◆ **Try it**: Would you please retype, exactly, the lines of the listing below between the line with "12311 Pacific Avenue, Los" and the line with "Port Aransas Apartment", inclusive?

◆ **Material for this task**:
= = = =
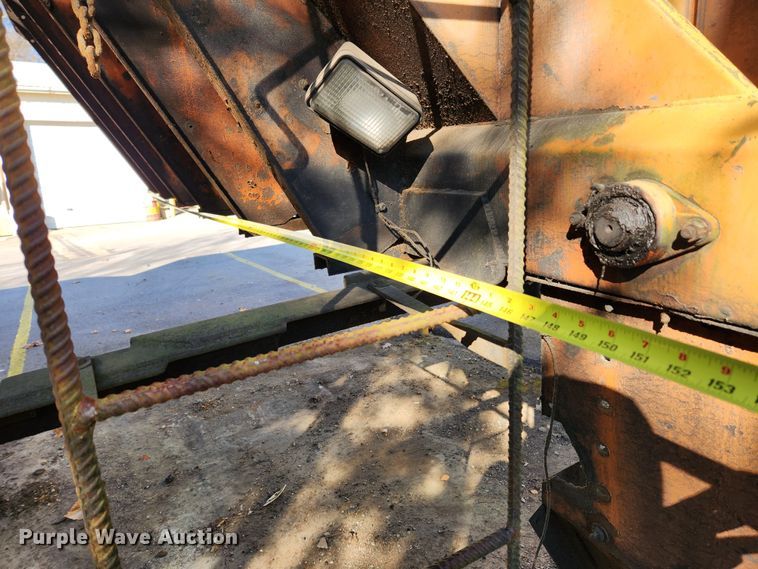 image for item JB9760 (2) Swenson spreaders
= = = =
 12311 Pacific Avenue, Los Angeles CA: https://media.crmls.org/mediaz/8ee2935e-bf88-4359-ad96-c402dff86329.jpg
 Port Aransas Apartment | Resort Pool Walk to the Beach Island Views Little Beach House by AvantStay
= = = =
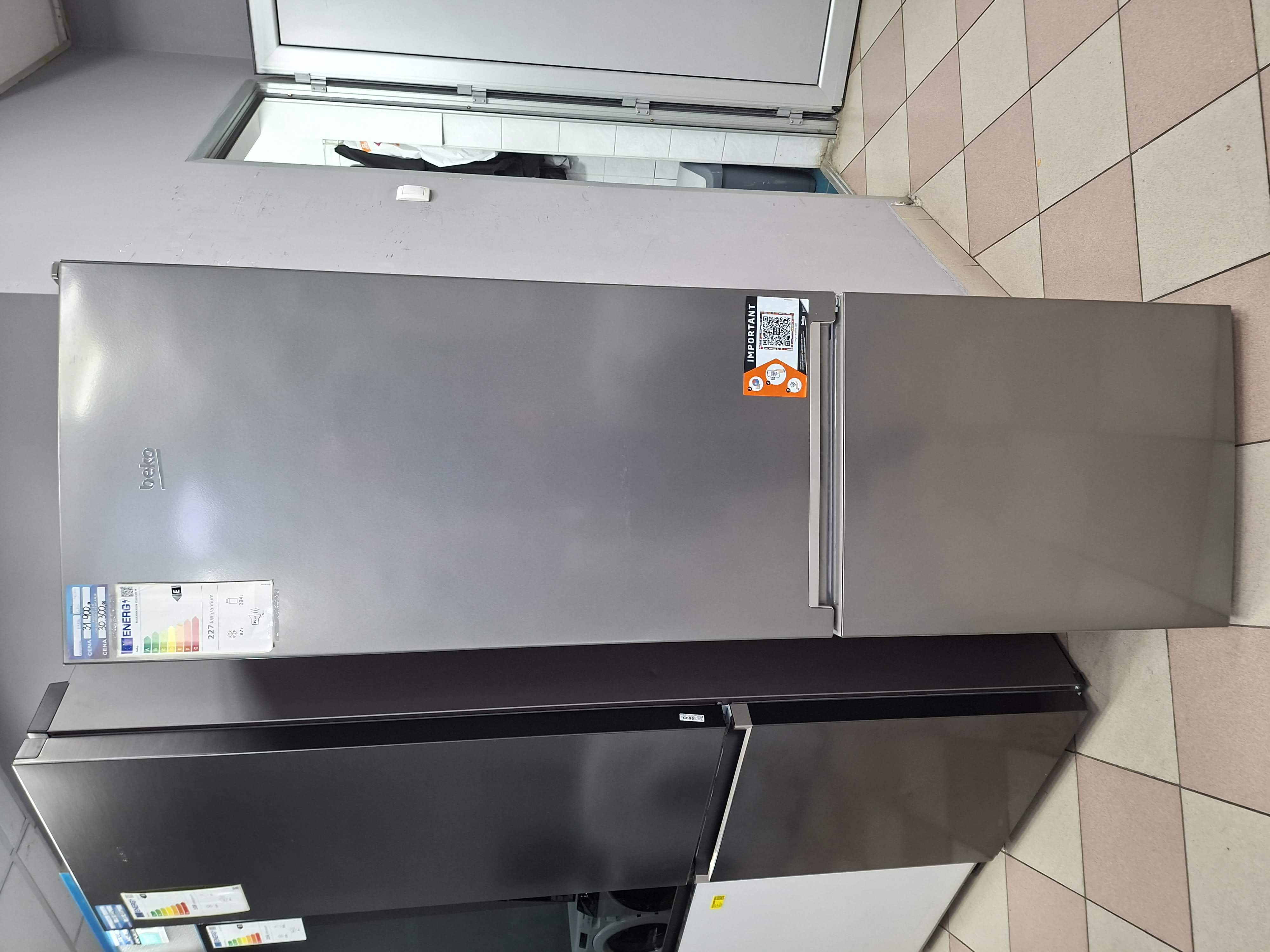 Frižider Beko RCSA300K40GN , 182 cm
= = = =
◆ **Solved problem**:
 12311 Pacific Avenue, Los Angeles CA: https://media.crmls.org/mediaz/8ee2935e-bf88-4359-ad96-c402dff86329.jpg
 Port Aransas Apartment | Resort Pool Walk to the Beach Island Views Little Beach House by AvantStay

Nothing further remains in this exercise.